As a beginner learning technical analysis, you start seeing all kinds of patterns and signs emerge. Not all signals are reliable. Example: When the neckline of a head and shoulders pattern gets broken, a sell signal is formed. It’s a rule, but it’s not foolproof and is subject to other variables like volume and motion. What may work for one stock might not work for another – for Infosys you might find that a 50-day moving average works well in finding support and resistance, for Reliance it might be 70. While many of the samples of technical analysis are universal, every security will also have its own quirks.

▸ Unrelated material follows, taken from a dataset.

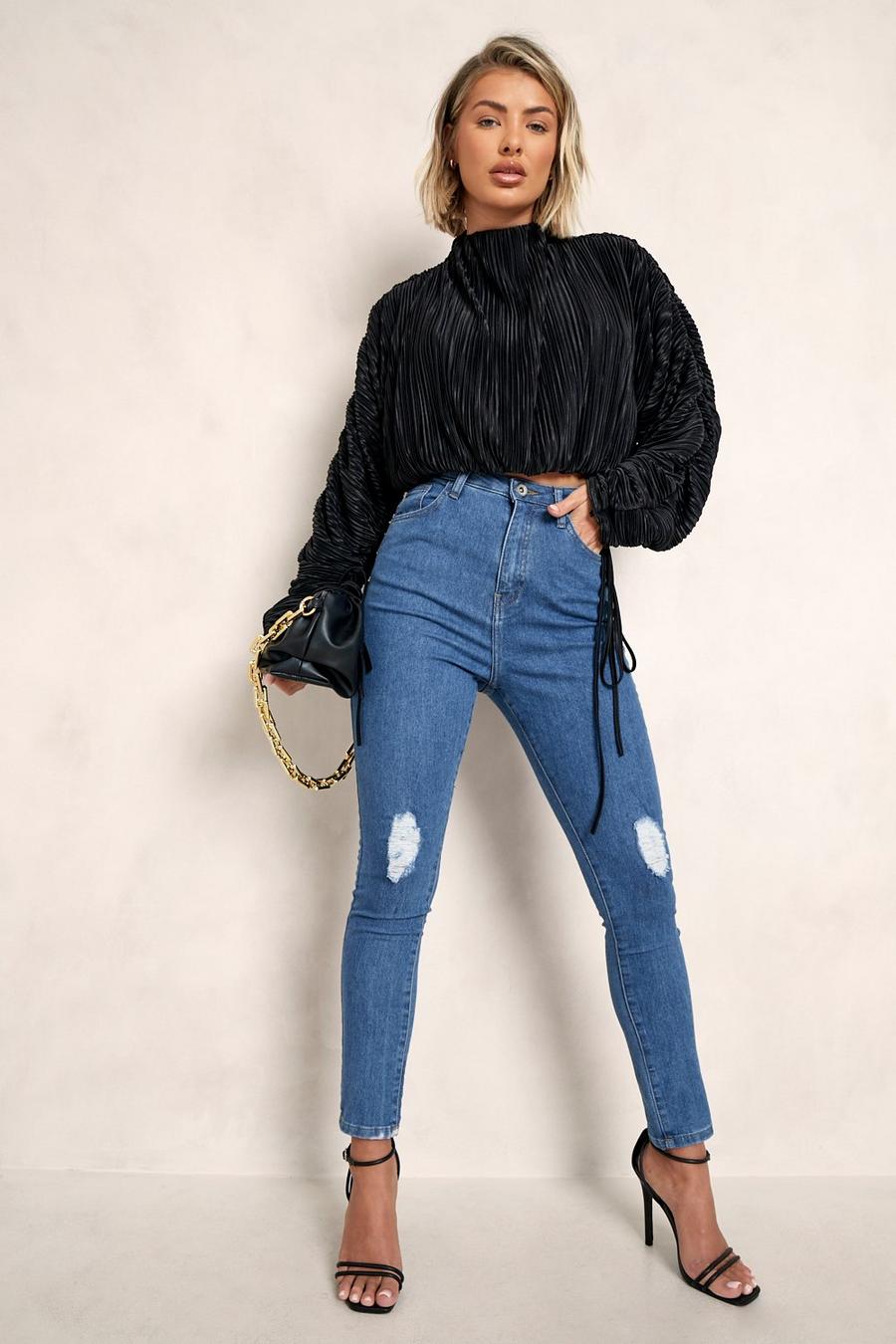 Zerrissene Skinny Jeans mit hohem Bund, Mittelblau image number 1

Additionally, TA is helpful in managing risk.

You will need self-control to get out of a trade when it goes against you. And only Technical Analysis can provide that. It is very easy to become pigheaded about a trade once you have entered into it on the wrong side.

Risk management is more crucial than profit maximization!

It is asymmetric because zero and infinite are asymmetric. Why does that matter? All of us have virtually no cashflow, but thanks to tens of thousands of stocks we can play forever. Miss one today and there will be 100,000+ chances to make up tomorrow. Will we have 100,000+ chances to re-capitalise if we blow our capital? No, we won’t. We will for sure miss out on chances, too.

Conclusions

The Pareto principle, in turn, applies to technical analysis: 80 per cent of the market’s moves, it claims, are psychological, while only 20 per cent are logical. Yet, fundamentalists of the species hold the opposite view: for them, 80 per cent of the market’s moves are logical and only 20 per cent are psychological. There might be some debate about whether psychological and intellectual signifies are synonymous, but there is no room for dispute about the value of a security based on its current price. It holds for everyone to see, and no shadow of a doubt could be cast on it. Among professionals, at any rate, the value the market gives to the security is the product of the combined wisdom of all those playing the game.